So, I’ve been following this Columbia U course blog called “thing theory” for a while now, enjoying the smart discussions of philosophy of things as they’ve trickled out. (Things are a personal passion of mine, and my dissertation is on the material culture of modernist art/lit/cinema.)
Well, it being the end of the semester, the blog is now positively blowing up. People are taking stances, saying what and who they like and don’t like, and generally trying to put it all together for future thinking about, um, things.
So if you like sentences like these:
I understand that if one focuses on these aspects, the zebra ceases to exist, but the zebra is not a hard concrete thing, it is the manifestation of a particular network, a network that repeats itself (with slight variations of course) to create millions of similar networks we call zebras. I get it.

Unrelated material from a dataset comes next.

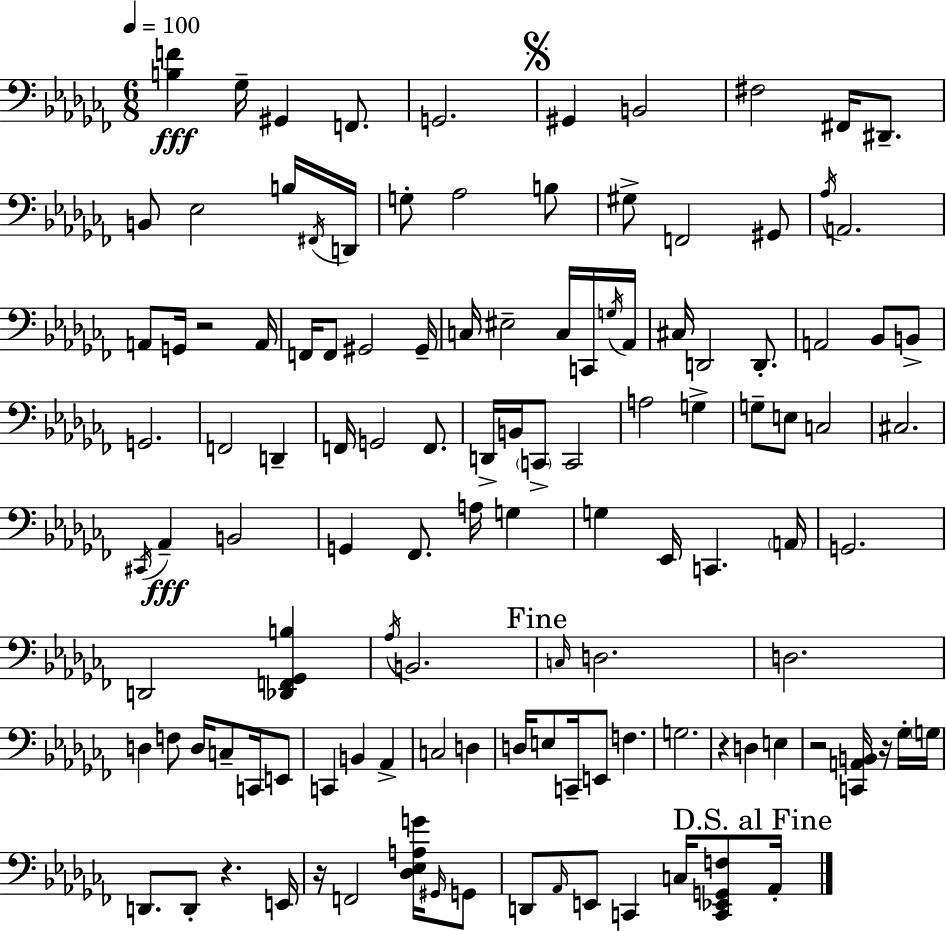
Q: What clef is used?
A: bass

Then, my friend, you’ve got to jump in and check out this discussion. Tell them that Snarkmarket sent you.
9 comments
Ah, the academy:
Har har. Yes, even graduate students (and professors) sometimes write awkwardly phrased sentences that capture awkwardly formed thoughts. And then lightning strikes, and they hit on the critical terminology or key analogy that makes it all clear.
BTW, the swarm of bees thing is true not just of the brain, but of the gut too. Remember, we are equally bone and meat and guts as well as brains.
Shades of Hofstadter and the ant colony — the anteater speaks, not with the ants, but with the colony. The colony is composed of the individual ants, just as the ants are only explicable in terms of the colony.
(What is it about the brain/self that always reminds us of bugs? I guess it’s the most familiar experience we have of lots of little dumb things making a big smart thing.)
Hmm, I don’t read it as awkward phrasing — I read it instead as jargon & in-group language.
My favorite giveaway: Whenever someone refers to some thinker’s “project”, you are assured that that person has been to grad school!
The only part I peg as jargon is “metaphysical position.” All the other words/phrases are fine in themselves — it’s the piling up of one on another that creates the convolutions.
“Do politics” — esp in quotes — is a giveaway, too. Is that the English translation of a German or French word? Does it have a well-known originator? (Like is it an implicit quotation/citation of [X]?) I feel like I see it a lot.
I guess it could be a hash of “faire de la politique” in French… you could translate it as “doing politics” but it means something closer to “getting political.”
But “doing politics” is totally idiomatic English too — “we need a new way of doing politics,” etc., usually preceded by “way of,” more often pejorative. In French it would be “Une nouvelle mani
You could say that, but I think you much more often hear something along the lines of “we need a new kind of politics.” Ooh, now that’s interesting. Language favors politics as object (as thing??), not politics as process.
It’s a subtle dig, really — you do politics, but we have politics.